• _What you are asked to do_
Could you give the listing again exactly, without its pictures?

• _Exercise data_
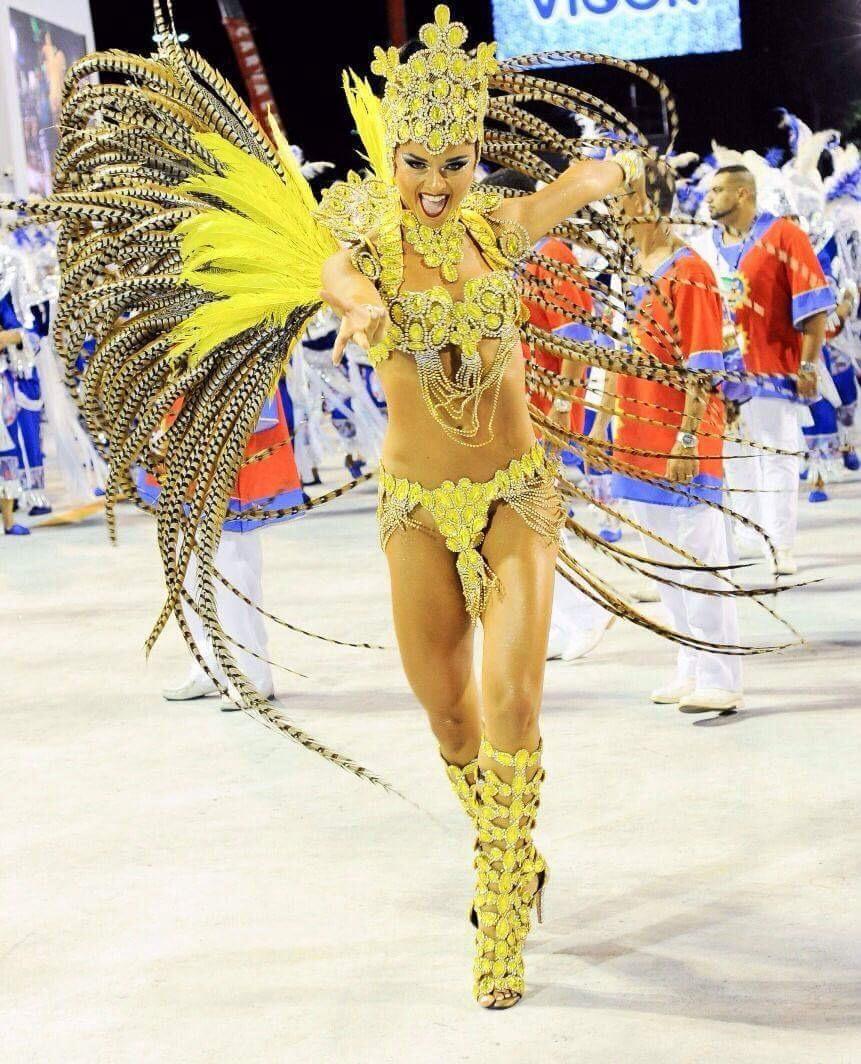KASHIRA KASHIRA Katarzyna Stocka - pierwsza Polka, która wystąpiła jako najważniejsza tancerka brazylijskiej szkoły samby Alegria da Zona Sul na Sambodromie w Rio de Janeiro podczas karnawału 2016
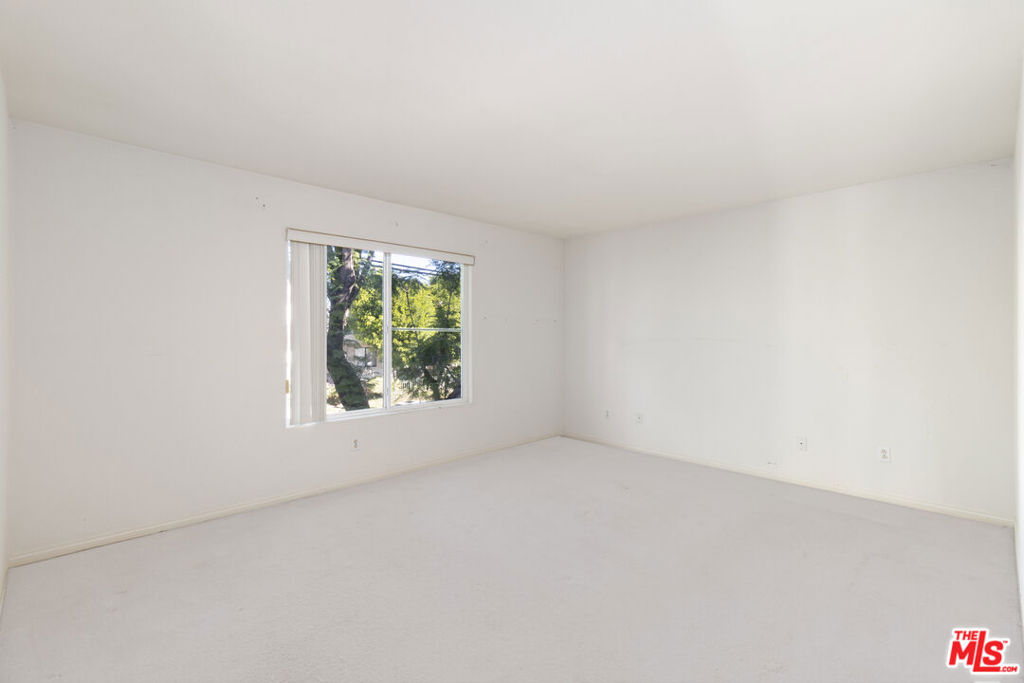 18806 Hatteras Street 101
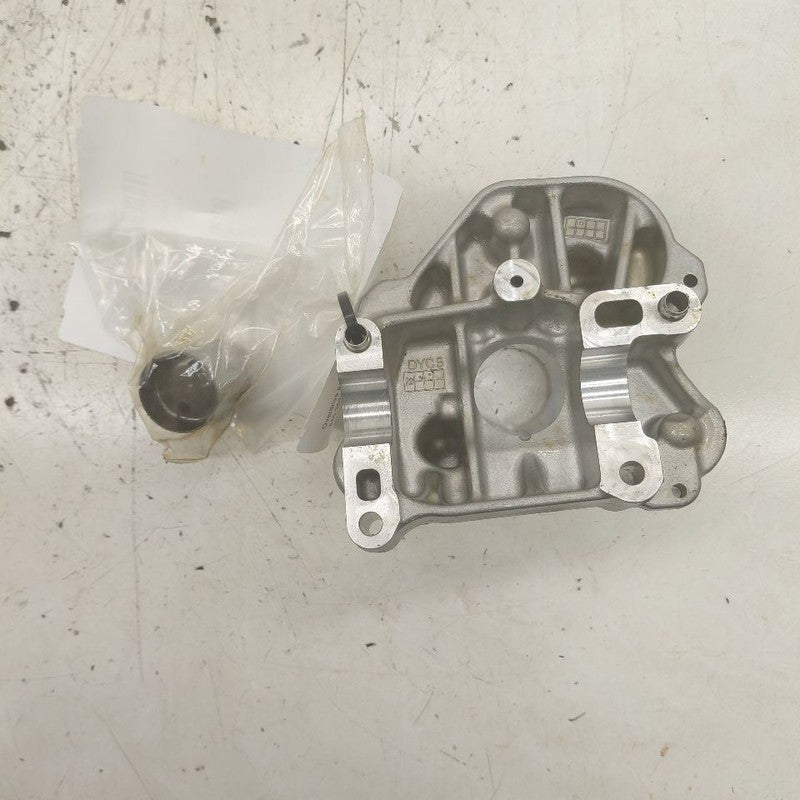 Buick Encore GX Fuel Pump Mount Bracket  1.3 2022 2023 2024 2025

• _Output below_
KASHIRA KASHIRA Katarzyna Stocka - pierwsza Polka, która wystąpiła jako najważniejsza tancerka brazylijskiej szkoły samby Alegria da Zona Sul na Sambodromie w Rio de Janeiro podczas karnawału 2016
 18806 Hatteras Street 101
 Buick Encore GX Fuel Pump Mount Bracket  1.3 2022 2023 2024 2025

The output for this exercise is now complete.